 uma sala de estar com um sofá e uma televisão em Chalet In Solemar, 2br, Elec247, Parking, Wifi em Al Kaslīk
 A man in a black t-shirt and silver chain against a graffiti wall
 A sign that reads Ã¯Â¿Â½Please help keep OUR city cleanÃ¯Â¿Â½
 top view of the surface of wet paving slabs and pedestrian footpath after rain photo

---

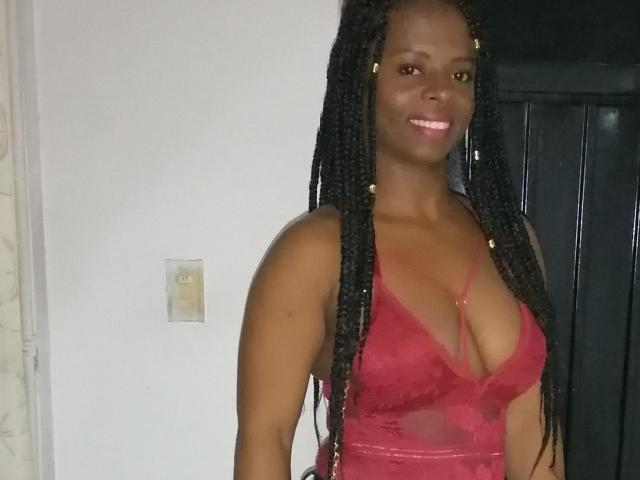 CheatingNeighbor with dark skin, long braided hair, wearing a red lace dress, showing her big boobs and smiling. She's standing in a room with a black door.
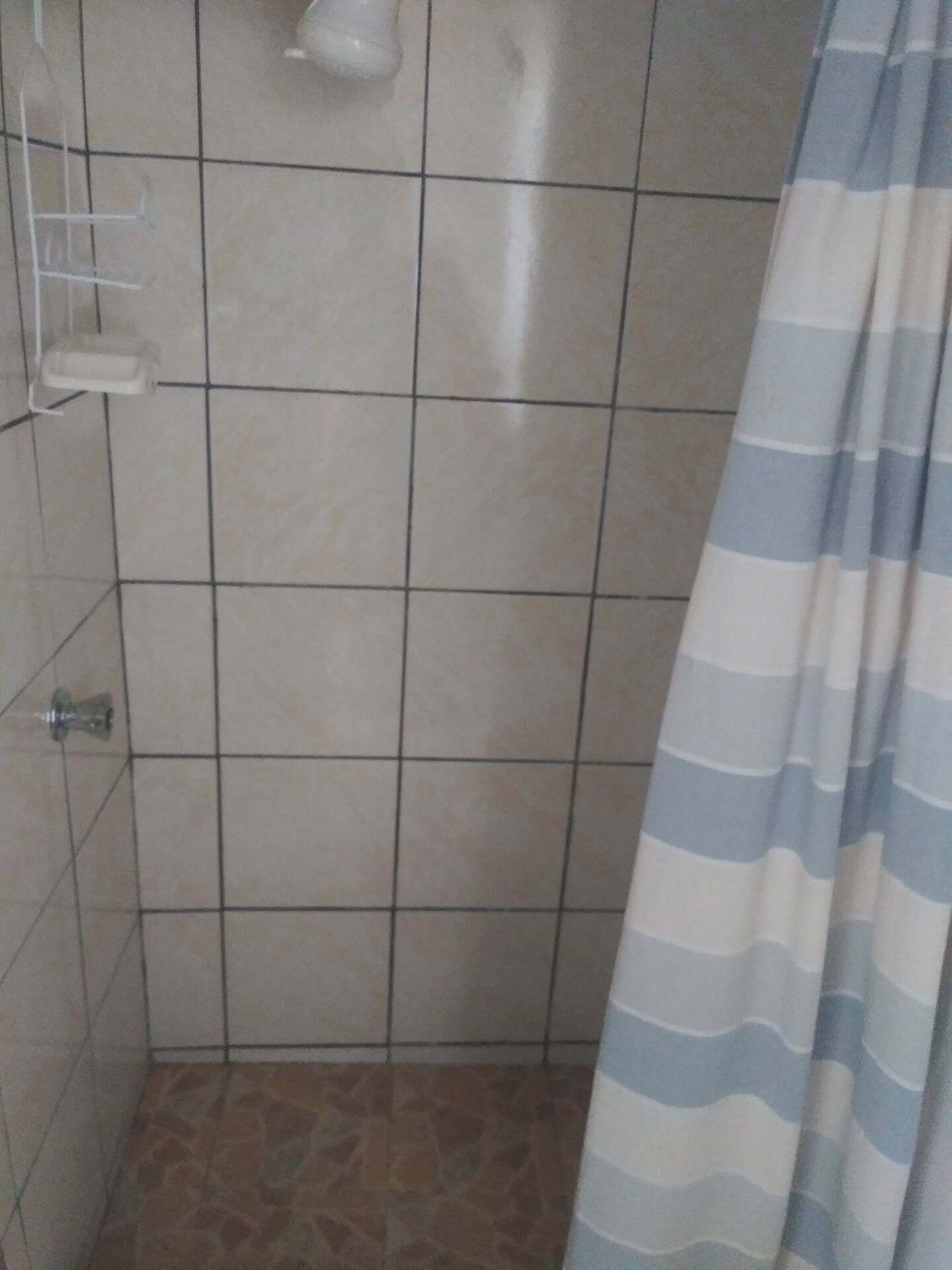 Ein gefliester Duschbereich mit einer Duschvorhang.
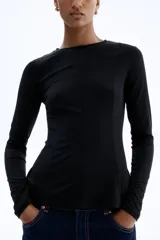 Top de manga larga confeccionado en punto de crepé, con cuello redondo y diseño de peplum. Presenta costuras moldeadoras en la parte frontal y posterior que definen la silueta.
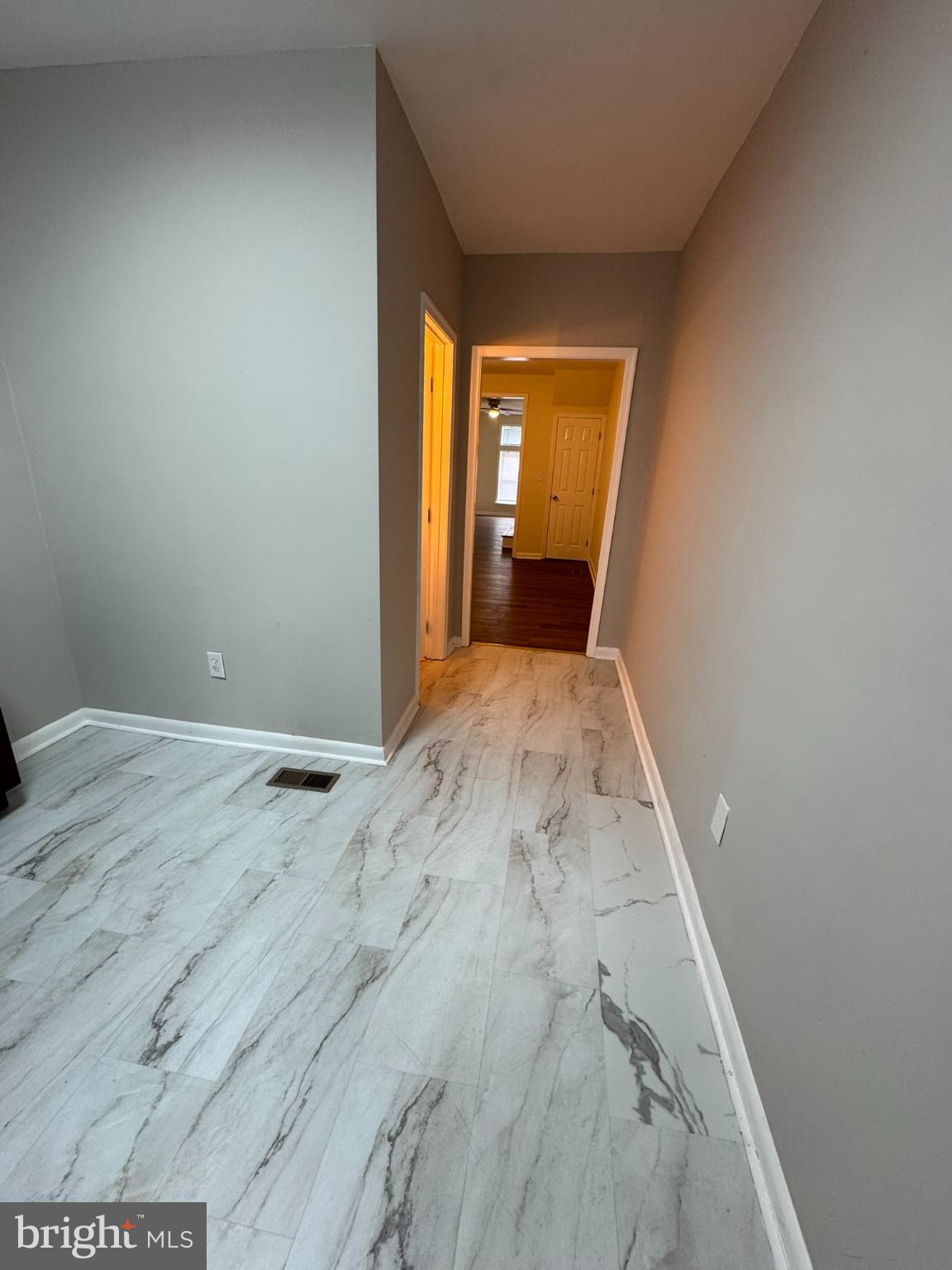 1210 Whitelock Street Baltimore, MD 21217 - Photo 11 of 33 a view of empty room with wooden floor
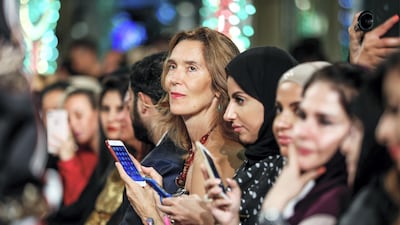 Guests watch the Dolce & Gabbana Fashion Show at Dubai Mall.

* * *

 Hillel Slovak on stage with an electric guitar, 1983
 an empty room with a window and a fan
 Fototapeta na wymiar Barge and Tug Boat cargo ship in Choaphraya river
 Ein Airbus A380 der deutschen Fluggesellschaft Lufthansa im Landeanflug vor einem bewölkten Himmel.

[Task statement] From the records above, quote only the lines running from the line with "A man in a black" to the line with "top view of", both lines included.

[Exercise output]
 A man in a black t-shirt and silver chain against a graffiti wall
 A sign that reads Ã¯Â¿Â½Please help keep OUR city cleanÃ¯Â¿Â½
 top view of the surface of wet paving slabs and pedestrian footpath after rain photo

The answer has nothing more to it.